## Converging on Monte Carlo

Inspired by reader Sluggo I am going to take a look at the issue of convergence. I will use the simple Monte Carlo method to estimate pi introduced in my previous post. We are going to briefly explore how the estimate of pi converges on the true value as we increase the size of our trial (the number of random samples we use).

If we know how accuracy varies with the number of trials, we can better design our method to achieve the accuracy we desire without having to iterate; we can better manage the trade-off between accuracy and absorbing computing resources.

I plan to explore the relationship between the accuracy of the estimate of the integral and the fraction of the search space occupied by the integral in a future post.

We are trying to estimate the value of pi by sprinkling, at random, points over a unit square. The unit square contains a quarter-circle of unit radius centered at (0,0). This sets us up so the circle occupies 50% of the square. We sum the points inside the circle (under the curve) and divide by the total number of points to arrive at a fraction, p. This fraction should equal pi/4, so pi=4.p.

Another way to look at this is we are completing the following integration:

\frac{\pi }{4} = \int_{y = 0}^{1} \int_{x = 0}^{1}f\left ( x, y \right ) dx dy \textit{ where }
f(x, y) = \left\{\begin{matrix}
\ \textup{0, } x^{2} + y^{2} > r^{2}\\ \textup{1, } x^{2} + y^{2} \leq r^{2}
\end{matrix}\right.

only we are using an approximation:

\frac{\pi }{4} \approx \frac{1}{N}\sum_{i=1}^{N}f\left (x_{i}, y_{i} \right ) \textup{ where } x_{i},y_{i}} \sim \textit{U}\left [ 0, 1 \right ]

Pretty straightforward!
Each time we drop a point onto the unit square we are completing a Bernoulli trial: the point is either inside the circle or it is not with a probability equal to the ratio of the area of the quarter-circle to the area of the square (p = 1/2 pi/4). It is this probability we are trying to estimate.
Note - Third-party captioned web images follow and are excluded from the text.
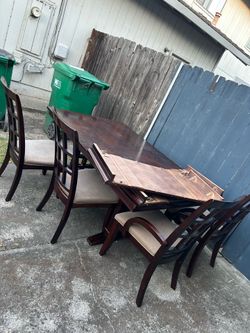 Free dining table and chairs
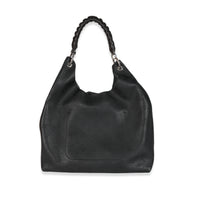 Louis Vuitton Black Mahina Carmel Hobo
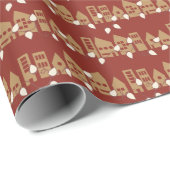 Kerststad cadeaupapier (Rol Hoek)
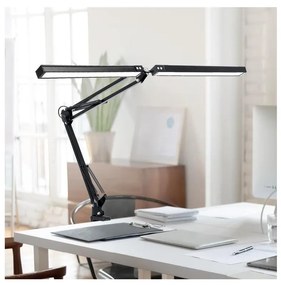 Brilagi - LED Stmievateľná stolná lampa VARIO 2xLED/14W/230V 3000-6000K čierna BG1676
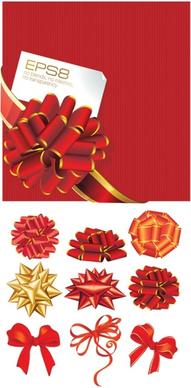 vector festive ribbon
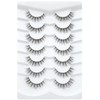 Happy Heartbeat 3D Clear Band False EyeLashes Natural Look Cat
If we have sufficient trials and p is sufficiently far away from 0 and 1, then we can use the normal approximation to the binomial distribution in which the standard deviation (the root mean squared error) of the estimate of p is \sqrt{p.\left ( 1 - p \right ) / {N}} where N is the number of trials. So we should expect the error in our estimate of p to decline with the square root of N: to reduce our error by 50% we need to quadruple the size of our sample.

ASIDE: There are various rules of thumb that purport to tell you what "sufficient trials" and "far away from 0 and 1" mean. For example n.p > 5 AND n.(1 - p) > 5. In the end it depends on how accurate you want your final estimate to be. Consider a simulation of 100 trials estimating a fraction of 0.05. If you repeat this simulation over and over the distribution of outcomes will NOT be approximately normal since zero is the lowest number of points possible in the smaller partition, yet it complies with the rule of thumb.

I wrote a script in R to demonstrate these effects. I try out MC simulations with various numbers of trials from 2 to 100,000. For each simulation I estimate the error in the estimate of pi using the normal approximation. I make an alternate estimate of the error using the binomial distribution itself and calculating the span between the 15.87 percentile and the 84.13 percentile (1 sd either side of the mean). I run each MC simulation 1000 times and average out the estimates of the errors. Finally, I calculate the theoretical values for the errors in the estimates of pi for the various numbers of trials.

All is then plotted on log-log charts and we see that, when N is large enough, we get what we expect - a straight line with a -1/2 slope:

The Normal version shows the problem with using the normal approximation for very small trials - the actual error differs widely from the expected error. The Bernoulli version shows a lot of jitter for low number of trials, but theory pretty much agrees with practice.

The jitter is to do with percentiles and low population size. For example, if you only do 2 trials, there are only 3 possible outcomes (both in, both out, one in and the other out). 25% of the time the estimate for pi is zero, 50% it is 2 and 25% it is 4.  So the 15th percentile has a value 2 and the 85th has a value 4 so the estimated error is (4 - 2)/2 = 1!  Since one would never do a MC simulation of this size, don't invest time understanding this part of either chart, it was included for the sake of completeness.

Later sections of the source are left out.